And all the way her mind was busy with the long debt that Marsh House owed to Wildwater. The Ratcliffes had been first to strike; they had used treachery, when the Waynes scomed guile of any sort; they were bringing all their heavy weight of odds to bear against this solitary foe who would not move a hair's-breadth from their path. Well, she must use guile, since Wayne of Marsh would not, and she would save him in his own despite.

"I am no Ratcliffe," she cried, turning into the Wildwater bridle track. "I am a Wayne, with less wilful pride than they, and twice their wit to get them out of danger."

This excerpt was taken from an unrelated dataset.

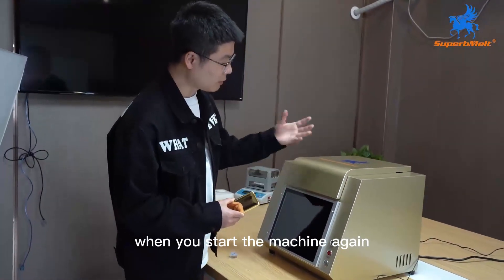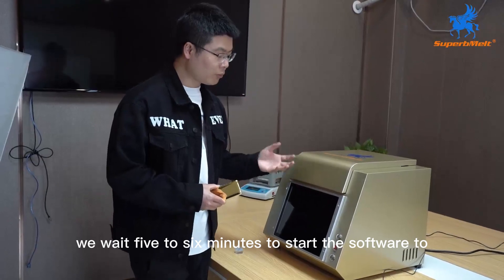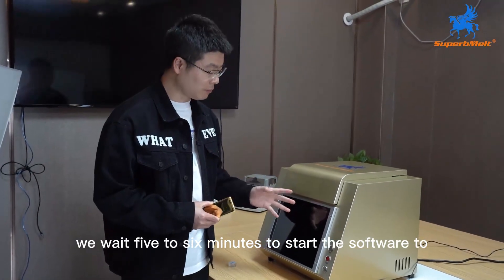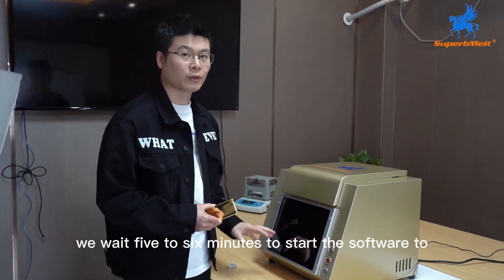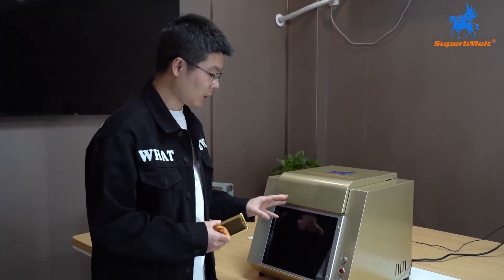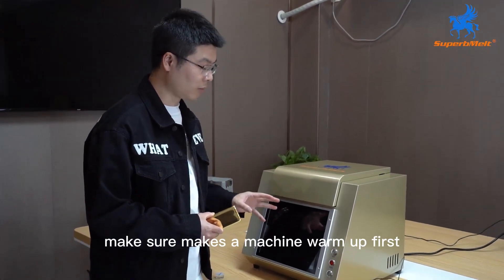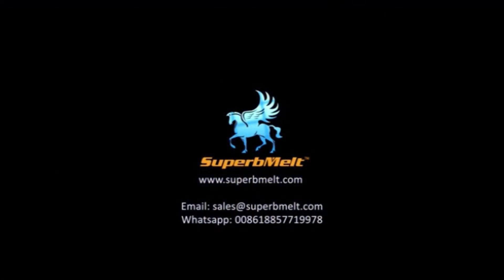When you start the machine again, we wait 5 to 6 minutes to start the software to make sure the machine works properly.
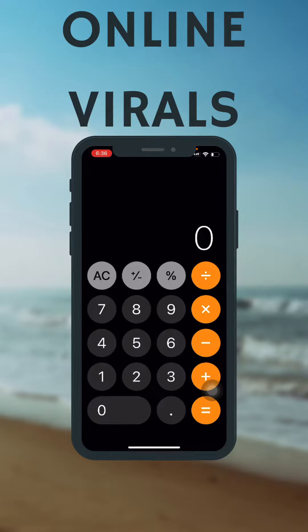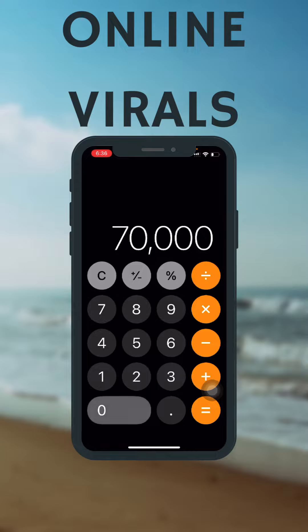Today I'm going to show you how to find the percentage on a calculator the easiest way. You can do it even on your mobile's built-in calculator. For example, if you have an amount of 70,000 and you want to calculate how much 25% of 70,000 is,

The stone which bounded the Ratcliffe lands on the side toward Ling Crag stood on the right hand of her road. Her eyes fell on it absently, and she would have passed it by, but something lying on it caught her glance—something that showed white against the rain-soaked blackness of the stone. She drew near, and for a moment sickened, for the man's hand that lay there was meant for hardier eyes than hers.

Awed she was, but curious too, as she drew near to the stone, wondering what this token, which her grandfather had often told her of, was doing here on the Wildwater land. And then she saw that beside the hand five words were scrawled untidily in chalk. "From Wayne to Ratcliffe—greeting," ran the message.

Janet, bewildered, read and re-read the words, and then their meaning flashed across her mind. Last night they had attacked Shameless Wayne, and he had routed them; and afterward he had cut off the right hand of him whose horse had come back riderless to Wildwater, and had answered the Lean Man after his own fashion. A dauntlessness there was about the message, a disregard of odds, that suited the girl's temper.

"I need not fear for Wayne of Marsh," she said, her eyes brightening. "If he means to hunt the hunters—why, Our Lady fights for all such gallant fools—Yet, shall I leave it there?"

She eyed the token doubtfully and seemed minded to remove it, lest the Lean Man's hate should be fanned to a hotter flame. But something checked her—a touch of Wayne's own recklessness, perhaps, and her new-found faith that victory would be with him in the long run. She turned about, leaving the hand there under the naked sky, and made for home. Almost eager she was to reach Wildwater; she was returning now, not to kinsmen whose battles were her own, but to foes—Waynes' foes and hers—who would tell her the last detail of their plots.

A half-mile nearer Wildwater she chanced on Red Ratcliffe, striding through the heather with a merlin hawk on his wrist, and a brace of hares slung by a leathern thong about his shoulders.

"I've sought thee all the morning," he said, standing across her path.

His face was lowering, and she saw that there was mischief in it. "Hadst better seek hares, and conies, and the like," she answered, pointing to his spoil. "That swells the larder—but, well-away, what use is there in seeking one who's tired of mocking thee?"